To do.
The whole listing should be retyped word for word, apart from the pictures it holds.

----

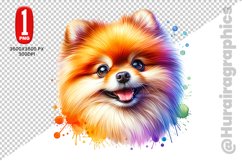 Cute Dog Clipart - PNG File Product Image 1
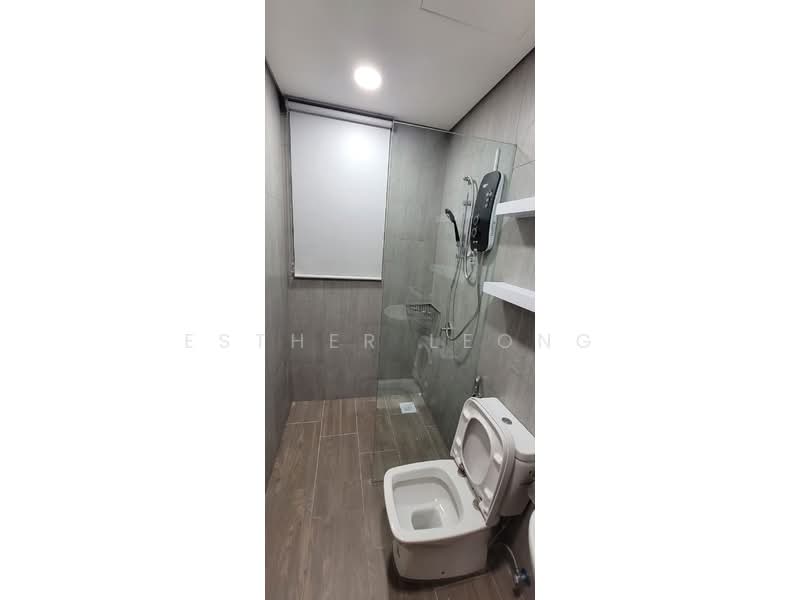 Servis Apartment untuk Disewa di Geo Bukit Rimau - Esther Leong - Bathroom - PropertyGuru.com.my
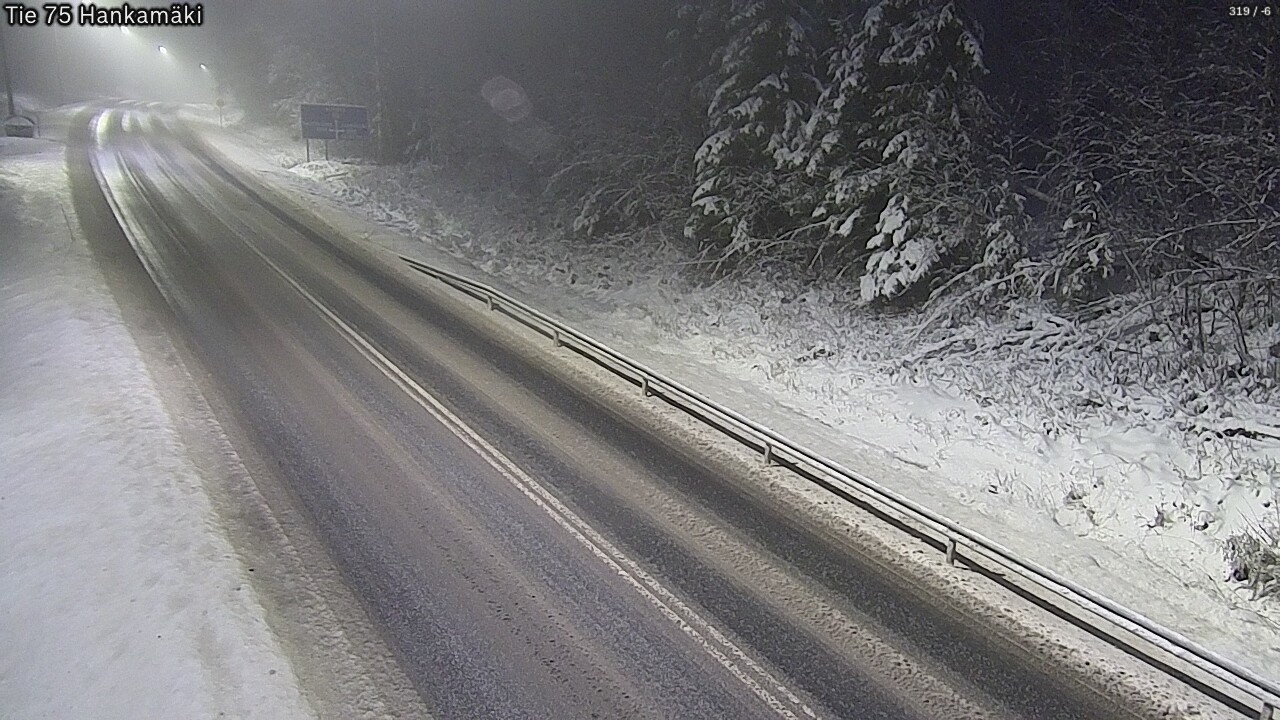 Weather Camera Image Road 75 Rautavaara, Hankamäki, Rautavaara, Pohjois-Savo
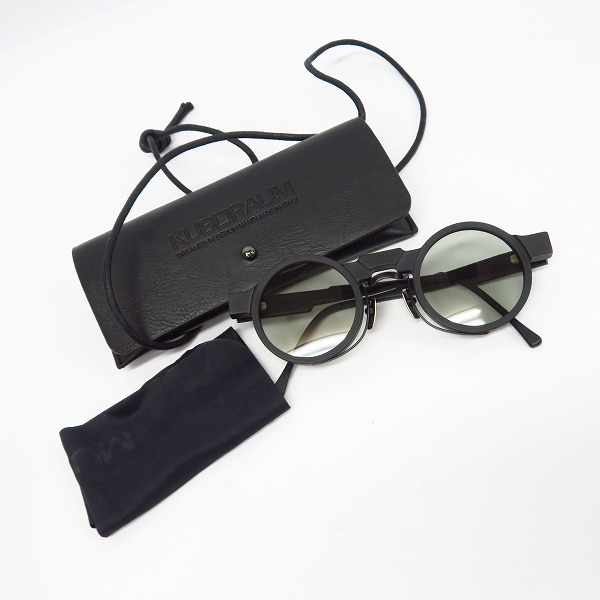 実際に弊社で買取させて頂いたKUBORAUM/クボラム MASKE N3 サングラス/アイウェアの画像 8枚目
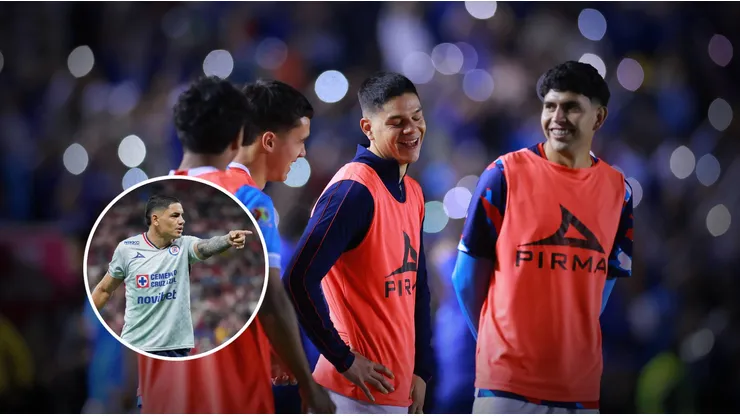 Nicolás Larcamón no lo tiene en planes y encontró continuidad en la Sub-21 de Cruz Azul.
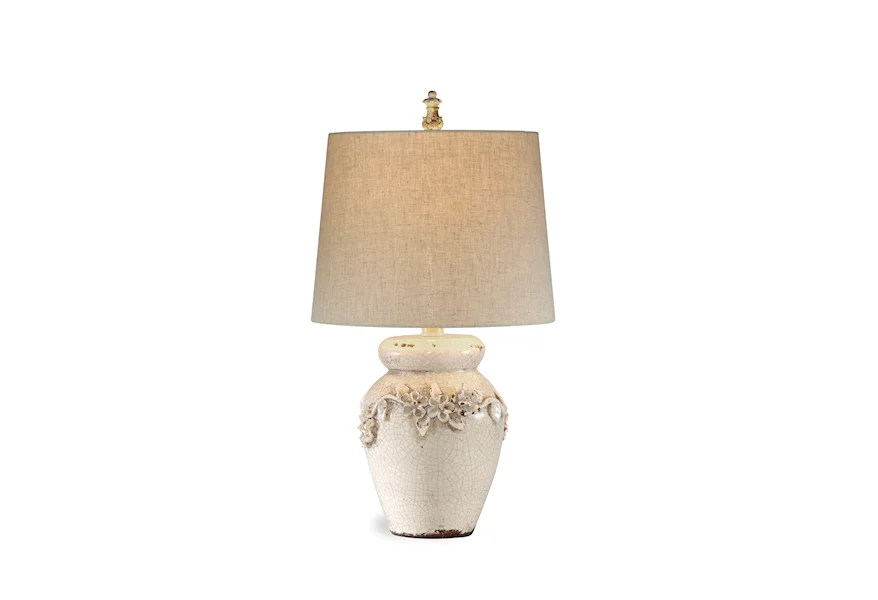  Eleanore Table Lamp  by Bassett Mirror at Esprit Decor Home Furnishings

----

Answer for this exercise.
 Cute Dog Clipart - PNG File Product Image 1
 Servis Apartment untuk Disewa di Geo Bukit Rimau - Esther Leong - Bathroom - PropertyGuru.com.my
 Weather Camera Image Road 75 Rautavaara, Hankamäki, Rautavaara, Pohjois-Savo
 実際に弊社で買取させて頂いたKUBORAUM/クボラム MASKE N3 サングラス/アイウェアの画像 8枚目
 Nicolás Larcamón no lo tiene en planes y encontró continuidad en la Sub-21 de Cruz Azul.
  Eleanore Table Lamp  by Bassett Mirror at Esprit Decor Home Furnishings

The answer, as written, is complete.